Dataset entries
--- START ---

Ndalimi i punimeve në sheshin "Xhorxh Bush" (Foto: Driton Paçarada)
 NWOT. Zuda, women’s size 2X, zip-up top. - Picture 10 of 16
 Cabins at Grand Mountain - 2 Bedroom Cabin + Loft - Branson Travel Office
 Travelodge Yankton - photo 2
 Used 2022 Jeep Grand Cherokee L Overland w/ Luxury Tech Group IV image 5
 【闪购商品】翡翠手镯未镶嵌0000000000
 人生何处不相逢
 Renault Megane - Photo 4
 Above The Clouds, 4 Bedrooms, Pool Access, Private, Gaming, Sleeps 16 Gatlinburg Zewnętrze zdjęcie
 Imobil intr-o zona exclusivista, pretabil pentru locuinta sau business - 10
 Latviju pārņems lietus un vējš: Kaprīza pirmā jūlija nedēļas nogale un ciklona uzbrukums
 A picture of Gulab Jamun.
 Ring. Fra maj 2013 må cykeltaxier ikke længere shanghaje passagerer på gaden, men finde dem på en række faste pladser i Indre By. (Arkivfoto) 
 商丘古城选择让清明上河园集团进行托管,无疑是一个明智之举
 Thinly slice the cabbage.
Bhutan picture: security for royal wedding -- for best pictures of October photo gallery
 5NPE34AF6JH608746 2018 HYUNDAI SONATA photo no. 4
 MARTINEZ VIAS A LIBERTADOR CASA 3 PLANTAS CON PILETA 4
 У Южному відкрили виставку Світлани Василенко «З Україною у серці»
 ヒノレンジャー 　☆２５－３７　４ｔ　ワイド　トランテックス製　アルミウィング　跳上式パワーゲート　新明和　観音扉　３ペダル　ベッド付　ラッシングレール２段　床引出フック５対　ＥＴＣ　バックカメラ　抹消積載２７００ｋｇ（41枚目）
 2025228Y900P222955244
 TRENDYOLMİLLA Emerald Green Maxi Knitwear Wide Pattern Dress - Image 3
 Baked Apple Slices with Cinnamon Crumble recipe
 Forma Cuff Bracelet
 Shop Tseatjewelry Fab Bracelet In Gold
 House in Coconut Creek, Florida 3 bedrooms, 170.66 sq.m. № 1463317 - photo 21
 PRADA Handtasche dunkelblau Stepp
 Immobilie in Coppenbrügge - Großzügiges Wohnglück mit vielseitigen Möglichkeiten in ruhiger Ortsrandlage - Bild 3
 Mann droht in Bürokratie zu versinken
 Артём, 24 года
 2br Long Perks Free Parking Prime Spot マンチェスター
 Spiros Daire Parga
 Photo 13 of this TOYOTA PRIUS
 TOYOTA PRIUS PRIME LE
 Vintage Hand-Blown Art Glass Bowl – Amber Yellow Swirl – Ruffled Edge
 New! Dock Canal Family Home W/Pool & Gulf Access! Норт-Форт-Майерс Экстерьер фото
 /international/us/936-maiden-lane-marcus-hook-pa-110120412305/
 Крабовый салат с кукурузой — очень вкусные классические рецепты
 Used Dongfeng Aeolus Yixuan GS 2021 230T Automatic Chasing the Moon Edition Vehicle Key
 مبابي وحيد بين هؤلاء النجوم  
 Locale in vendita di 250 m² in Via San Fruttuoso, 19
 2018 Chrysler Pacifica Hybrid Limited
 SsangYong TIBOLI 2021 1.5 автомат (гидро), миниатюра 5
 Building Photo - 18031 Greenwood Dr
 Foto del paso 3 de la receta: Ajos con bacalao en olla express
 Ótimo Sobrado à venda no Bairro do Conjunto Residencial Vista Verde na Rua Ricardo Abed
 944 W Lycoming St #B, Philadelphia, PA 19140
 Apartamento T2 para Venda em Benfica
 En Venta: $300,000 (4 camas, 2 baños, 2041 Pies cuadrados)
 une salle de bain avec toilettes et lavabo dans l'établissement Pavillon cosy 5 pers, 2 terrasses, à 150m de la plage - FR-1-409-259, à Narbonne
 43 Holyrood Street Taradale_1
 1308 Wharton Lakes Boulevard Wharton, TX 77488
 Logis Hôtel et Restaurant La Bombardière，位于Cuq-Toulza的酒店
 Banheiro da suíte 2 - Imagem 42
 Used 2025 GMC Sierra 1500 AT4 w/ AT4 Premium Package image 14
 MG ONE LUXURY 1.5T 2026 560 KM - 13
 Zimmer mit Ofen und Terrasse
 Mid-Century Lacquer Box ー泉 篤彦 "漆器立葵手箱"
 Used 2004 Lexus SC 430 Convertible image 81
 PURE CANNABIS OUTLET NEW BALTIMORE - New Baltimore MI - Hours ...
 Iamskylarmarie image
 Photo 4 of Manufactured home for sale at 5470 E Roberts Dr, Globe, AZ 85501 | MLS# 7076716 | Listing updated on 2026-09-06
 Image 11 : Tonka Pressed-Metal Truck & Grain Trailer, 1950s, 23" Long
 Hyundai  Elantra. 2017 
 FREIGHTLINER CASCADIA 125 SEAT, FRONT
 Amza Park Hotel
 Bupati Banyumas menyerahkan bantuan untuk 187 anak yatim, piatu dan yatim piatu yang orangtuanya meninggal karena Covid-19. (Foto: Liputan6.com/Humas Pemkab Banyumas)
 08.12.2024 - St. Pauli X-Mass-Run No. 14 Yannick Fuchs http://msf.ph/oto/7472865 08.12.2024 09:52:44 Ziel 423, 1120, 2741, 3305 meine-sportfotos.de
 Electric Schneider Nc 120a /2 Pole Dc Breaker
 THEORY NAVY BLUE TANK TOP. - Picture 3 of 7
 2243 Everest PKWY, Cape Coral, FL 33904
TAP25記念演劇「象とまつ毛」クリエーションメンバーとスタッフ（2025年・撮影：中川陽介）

--- END ---

**Your objective**
In the entries above, the lines from the one bearing "Travelodge Yankton - photo 2" up to and including the one bearing "Shop Tseatjewelry Fab Bracelet In Gold" should be transcribed exactly; no other line is wanted.

**Written answer**
 Travelodge Yankton - photo 2
 Used 2022 Jeep Grand Cherokee L Overland w/ Luxury Tech Group IV image 5
 【闪购商品】翡翠手镯未镶嵌0000000000
 人生何处不相逢
 Renault Megane - Photo 4
 Above The Clouds, 4 Bedrooms, Pool Access, Private, Gaming, Sleeps 16 Gatlinburg Zewnętrze zdjęcie
 Imobil intr-o zona exclusivista, pretabil pentru locuinta sau business - 10
 Latviju pārņems lietus un vējš: Kaprīza pirmā jūlija nedēļas nogale un ciklona uzbrukums
 A picture of Gulab Jamun.
 Ring. Fra maj 2013 må cykeltaxier ikke længere shanghaje passagerer på gaden, men finde dem på en række faste pladser i Indre By. (Arkivfoto) 
 商丘古城选择让清明上河园集团进行托管,无疑是一个明智之举
 Thinly slice the cabbage.
Bhutan picture: security for royal wedding -- for best pictures of October photo gallery
 5NPE34AF6JH608746 2018 HYUNDAI SONATA photo no. 4
 MARTINEZ VIAS A LIBERTADOR CASA 3 PLANTAS CON PILETA 4
 У Южному відкрили виставку Світлани Василенко «З Україною у серці»
 ヒノレンジャー 　☆２５－３７　４ｔ　ワイド　トランテックス製　アルミウィング　跳上式パワーゲート　新明和　観音扉　３ペダル　ベッド付　ラッシングレール２段　床引出フック５対　ＥＴＣ　バックカメラ　抹消積載２７００ｋｇ（41枚目）
 2025228Y900P222955244
 TRENDYOLMİLLA Emerald Green Maxi Knitwear Wide Pattern Dress - Image 3
 Baked Apple Slices with Cinnamon Crumble recipe
 Forma Cuff Bracelet
 Shop Tseatjewelry Fab Bracelet In Gold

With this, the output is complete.